Was steht alles auf dem Etikett eines Marsala?
Zugegeben, es ist auf den ersten Blick nicht ganz einfach, aber mit einer kleinen Formel kommt man immer weiter. Im Prinzip liefert das Etikett immer drei Infos zum Wein: Qualitätsstufe + Farbe + Süßegrad wie zum Beispiel „Marsala Fine Ambra Semisecco“ oder „Marsala Superiore Riserva Oro Dolce“. Mitunter tauchen noch die Angaben SOM (Superior Old Marsala), GD (Garibaldi Dolce) oder LP (London Particular) bei den Superiore-Marsala auf. Aber das können wir an dieser Stelle vernachlässigen.

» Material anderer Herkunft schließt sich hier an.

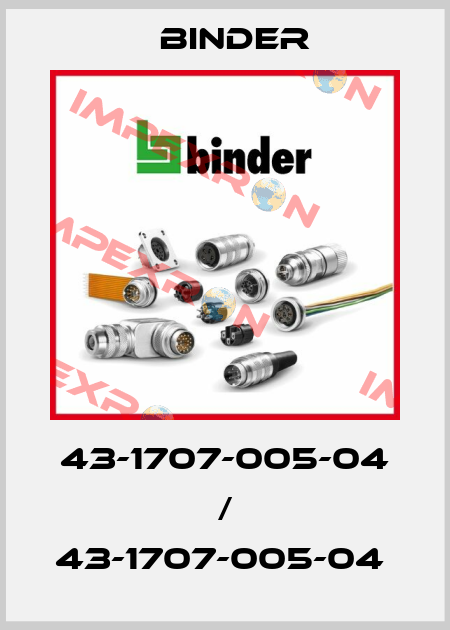 43-1707-005-04 / 43-1707-005-04  Binder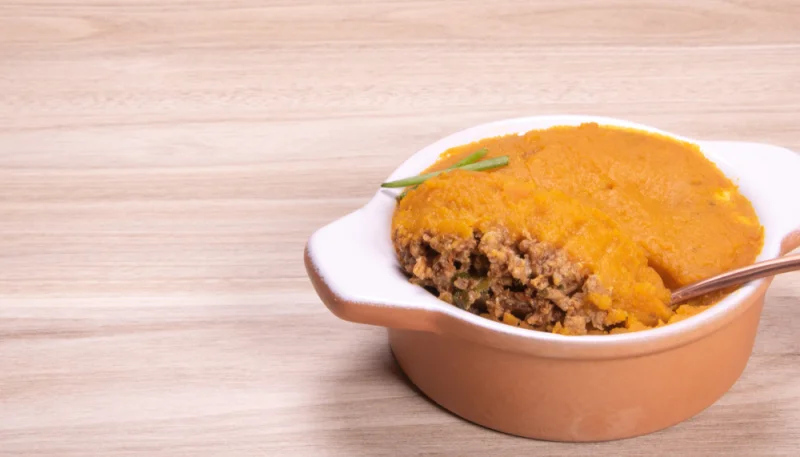 Pastel de calabaza con carne
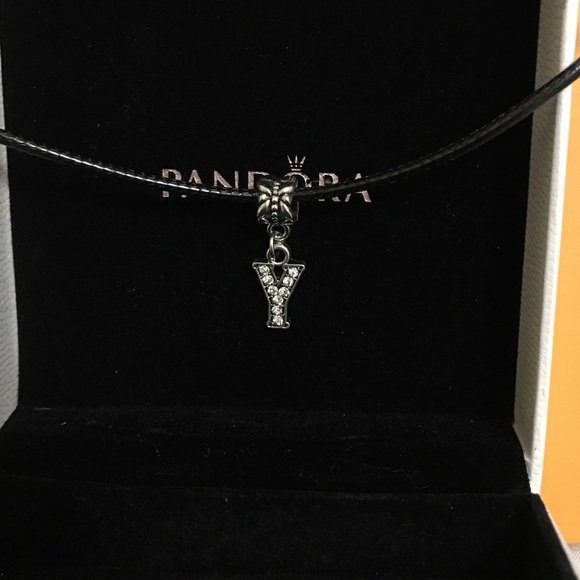 Pandora inspired "Y" charm pendant sterling silver
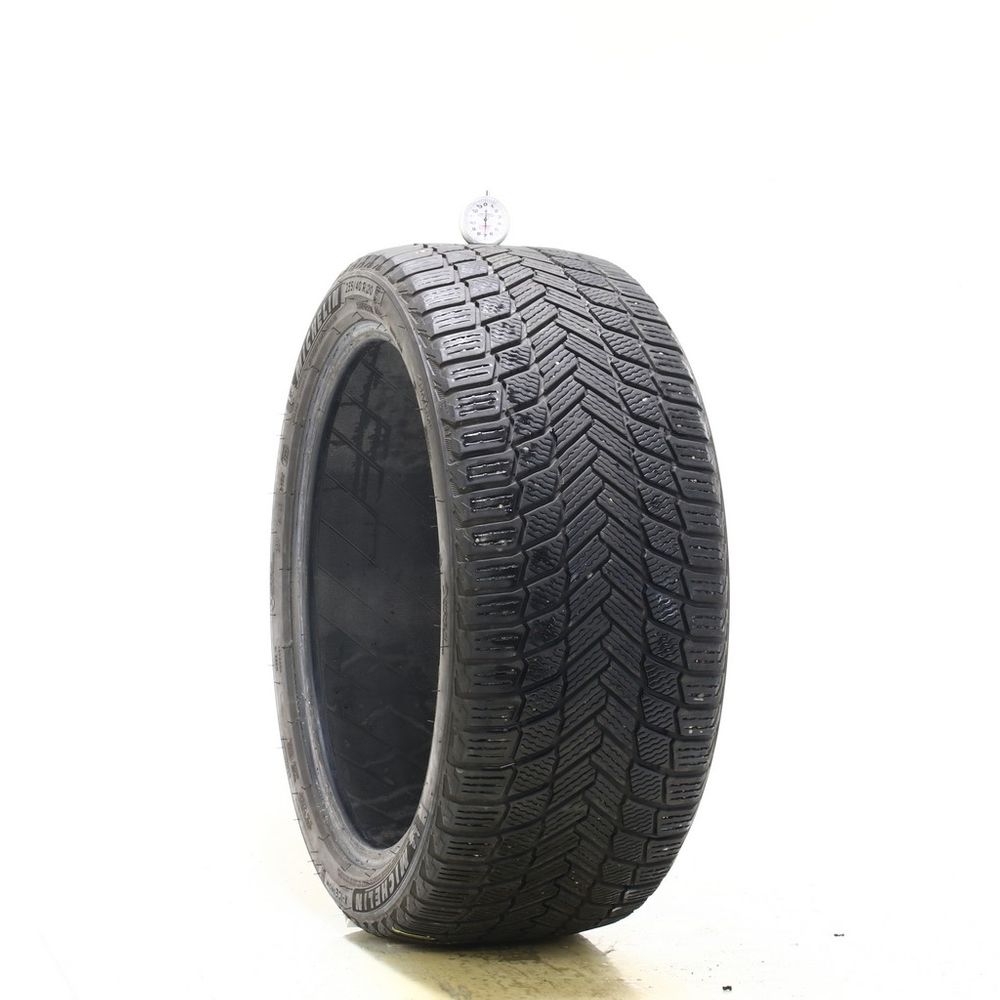 Set of (2) Used 255/40R20 Michelin X-Ice Snow 101H - 7-8/32 - Image 1
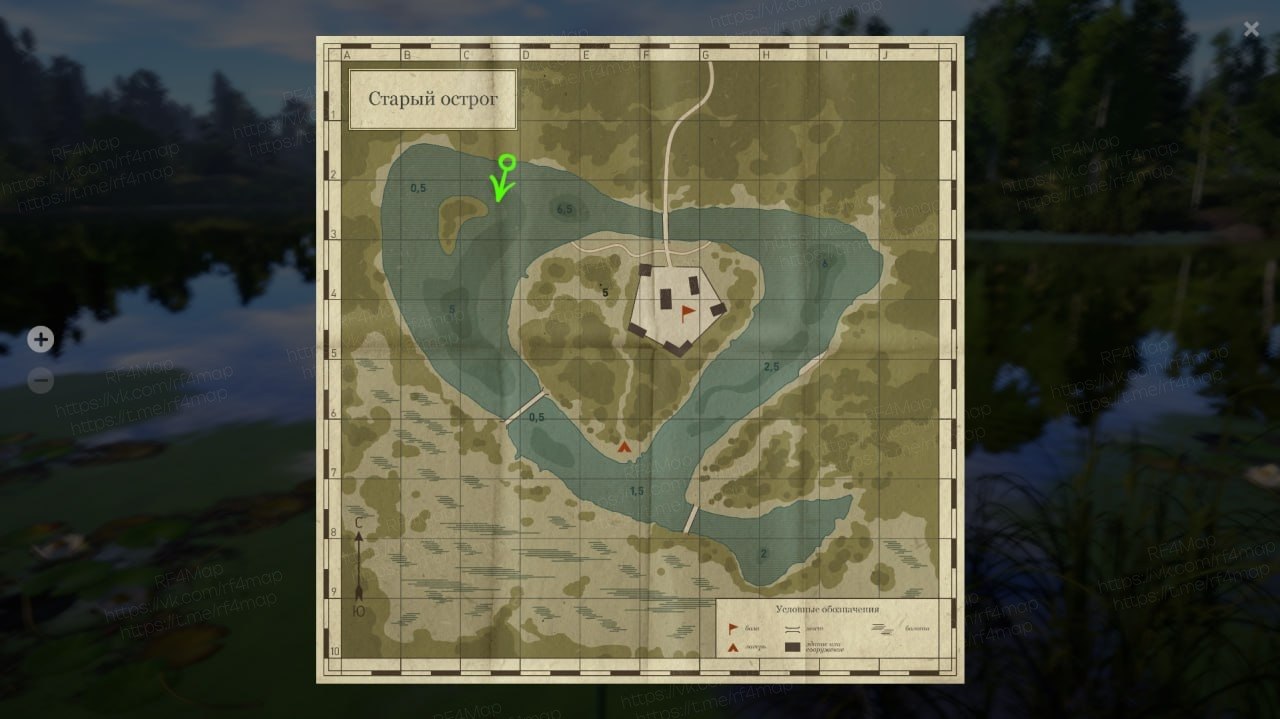 Old Burg Lake — Map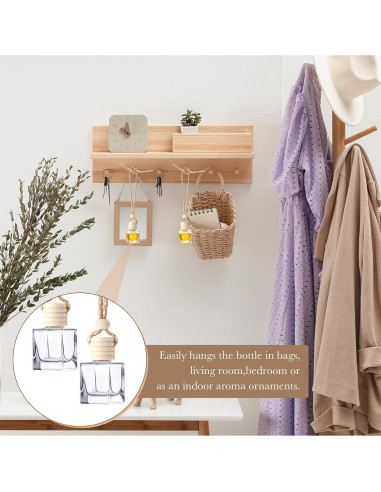 200 Botellas Difusoras de Vidrio BBTO 10ml con Tapa de Madera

Woher kommt der Name Marsala?
Ganz ähnlich dem Portwein oder dem Madeira steckt im Namen die Herkunft des Likörweins. Marsala ist nämlich eine Hafenstadt in der sizilianischen Provinz Trapani. Der Name Marsala geht auf das arabische „Marsah-el-Allah“ zurück und bedeutet in etwa „Hafen Gottes“. Doch die „Erfindung“ des Marsala ist deutlich jüngeren Datums. Als im 18. Jahrhundert die Hersteller von Portwein und Sherry die stetig wachsende Nachfrage nicht mehr bedienen können, kommt der Engländer John Woodhouse 1773 auf die Idee, die besonders süßen Weine Siziliens ebenfalls aufzuspriten. Woodhouse kannte sich mit den Methoden der Portwein- und Sherry-Herstellung gut aus und so gelang es ihm, nicht nur ordentlich Geld zu verdienen, sondern quasi eine neue Kategorie der Likörweine ins Leben zu rufen.
Ist Marsala Wein nun mehr als ein Kochwein?
Allerdings! Insbesondere die trocken ausgebauten Qualitäten mit langer Reife bestechen mit unglaublicher Aromentiefe. Dennoch dürfte es der Marsala auch in Zukunft schwer haben, der Küche zu entkommen. Seine Süße und der viele Alkohol stehen dem Trend nach Leichtigkeit und trockenem Ausbau zu sehr im Weg.
Kurioses Detail am Rande: Zumindest die alten Marsala-Fässer sind heiß begehrt. Gern greifen Whiskybrenner auf die „aromatisierten“ Fässer zurück, wenn es um besondere Noten beim Finishing der Destillate geht. Doch ist dies kaum ein Trost für den Marsala.